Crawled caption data
▽

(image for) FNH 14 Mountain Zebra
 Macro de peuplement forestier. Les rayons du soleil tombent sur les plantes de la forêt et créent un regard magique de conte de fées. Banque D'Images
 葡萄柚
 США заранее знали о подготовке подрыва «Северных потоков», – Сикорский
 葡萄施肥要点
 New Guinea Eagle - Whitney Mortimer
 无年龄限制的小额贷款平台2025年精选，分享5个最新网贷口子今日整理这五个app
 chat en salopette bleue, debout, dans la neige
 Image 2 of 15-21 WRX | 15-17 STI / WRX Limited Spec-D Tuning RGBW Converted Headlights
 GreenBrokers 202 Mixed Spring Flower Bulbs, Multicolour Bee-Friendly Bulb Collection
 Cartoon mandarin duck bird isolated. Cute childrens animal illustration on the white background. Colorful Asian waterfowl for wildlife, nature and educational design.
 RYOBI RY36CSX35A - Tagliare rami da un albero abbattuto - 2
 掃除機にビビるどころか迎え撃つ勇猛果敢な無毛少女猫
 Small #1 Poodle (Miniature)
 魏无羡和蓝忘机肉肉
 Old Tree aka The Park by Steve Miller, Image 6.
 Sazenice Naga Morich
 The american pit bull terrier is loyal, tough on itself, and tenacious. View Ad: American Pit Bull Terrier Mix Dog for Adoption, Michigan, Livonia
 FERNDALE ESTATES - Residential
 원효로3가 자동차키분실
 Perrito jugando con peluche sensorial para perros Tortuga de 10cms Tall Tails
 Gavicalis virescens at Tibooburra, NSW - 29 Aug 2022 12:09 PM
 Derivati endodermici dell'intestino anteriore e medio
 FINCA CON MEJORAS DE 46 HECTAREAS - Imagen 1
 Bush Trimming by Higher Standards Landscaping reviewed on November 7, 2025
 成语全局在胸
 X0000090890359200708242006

△

■ **Task goal**: Start at the line containing "FERNDALE ESTATES - Residential" and transcribe through the end of the entries. Please keep both ends and add nothing.

■ **Response to this task**:
 FERNDALE ESTATES - Residential
 원효로3가 자동차키분실
 Perrito jugando con peluche sensorial para perros Tortuga de 10cms Tall Tails
 Gavicalis virescens at Tibooburra, NSW - 29 Aug 2022 12:09 PM
 Derivati endodermici dell'intestino anteriore e medio
 FINCA CON MEJORAS DE 46 HECTAREAS - Imagen 1
 Bush Trimming by Higher Standards Landscaping reviewed on November 7, 2025
 成语全局在胸
 X0000090890359200708242006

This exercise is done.